A 2010 law aimed at allowing more charter schools (a move Patrick embraced because of the potential to secure millions of dollars in federal aid as a condition of it) has had the unintended consequence of limiting innovation in the charter sector, says the Pioneer report. The report contends that because the law limits new charters in communities that saw their charter cap raised to “proven providers” — organizations with a clear track record serving similar student populations — it has led applicants to safely propose replicating what they have done with other schools rather than encouraging innovation with new models.
An even bigger impediment to charter growth, however, came with adoption of new regulations earlier this year by the Patrick-appointed Board of Elementary and Secondary Education that rework the formula for determining which districts are eligible for more charters under the 2010 law. The law allowed more charters in the lowest performing 10 percent of all districts in the state. That had been determined solely by performance on the state MCAS test. In June, however, the education board voted to make that determination based on a combination of absolute performance (75 percent) and growth in MCAS scores (25 percent).
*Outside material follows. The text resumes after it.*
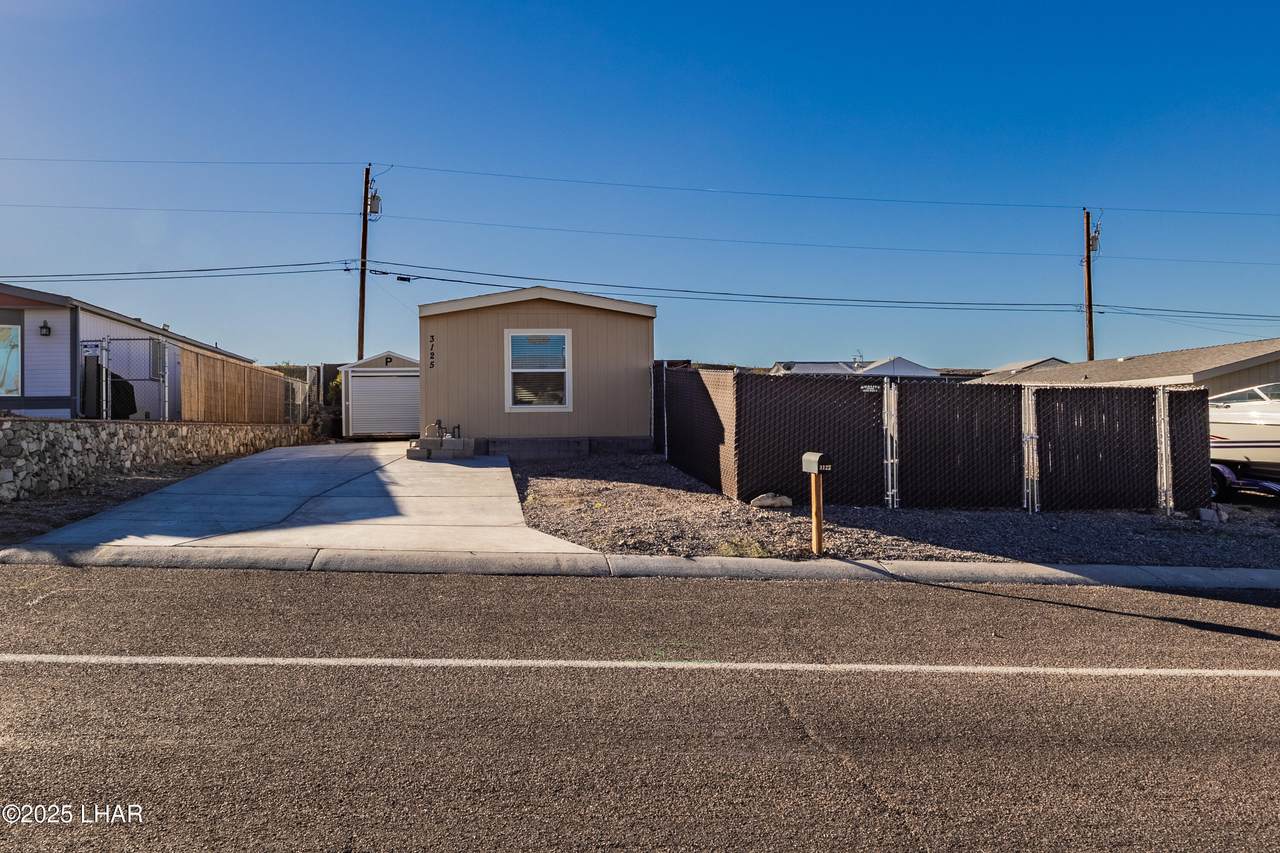 3125 Lake Dr - Photo 1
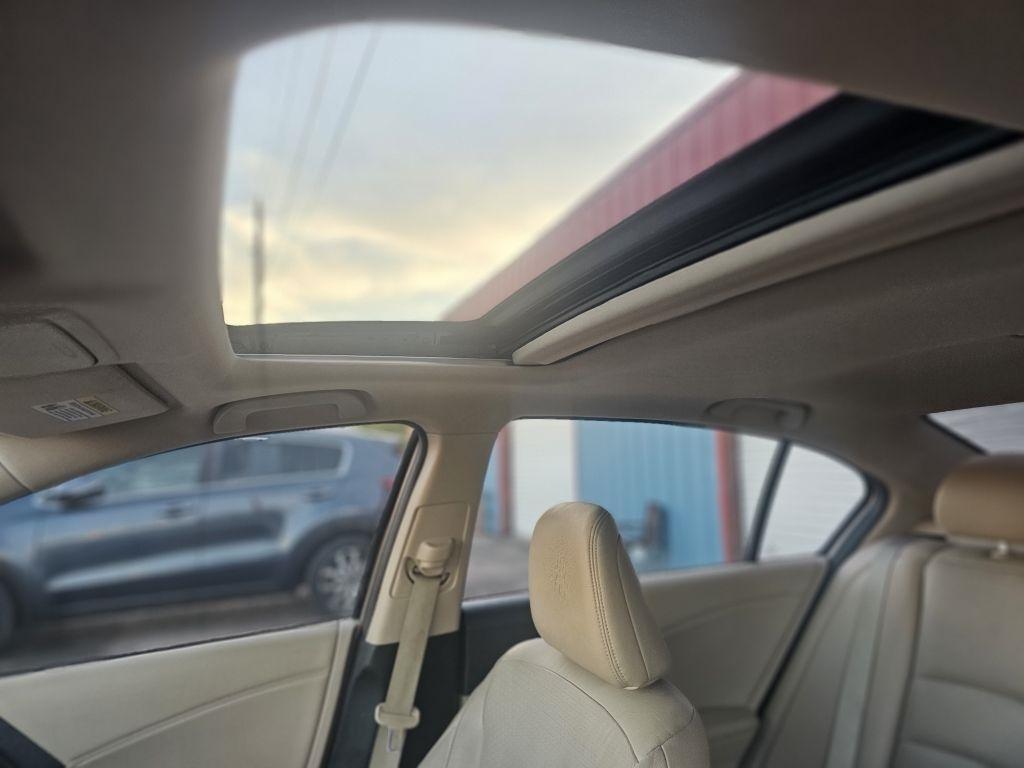 Honda Accord photo 28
The result bumped from the bottom 10 percent a number of large urban districts with low overall performance and replaced them with small rural districts where growth has been somewhat lower but actual MCAS scores are higher. The regulation change was pushed by state Sen. Patricia Jehlen of Somerville, a longtime charter school opponent, and charter school supporters say it undermined the intent of the 2010 law to make more charter seats available to students in low-performing districts.
Patrick’s own life story, as he often tells it, is one that was entirely transformed by educational opportunity. Raised by a single mother in a poor Chicago household, he won a full scholarship to the prestigious Milton Academy, from which he went on to Harvard College and Harvard Law School. Charter schools have served as a Milton Academy for the masses, giving thousands of families the type of choice of a more promising education that Patrick and a small handful like him have been able to so richly benefit from.
As has been done by education leaders like Geoffrey Canada, who was raised by a single mother in Bronx and went on to found the Harlem Children’s Zone, Patrick could have used his own story as powerful testimony to the need to shake up the education landscape and expand the options for poor and minority students. It’s ironic that despite winning the ultimate school choice lottery, he failed to make that connection.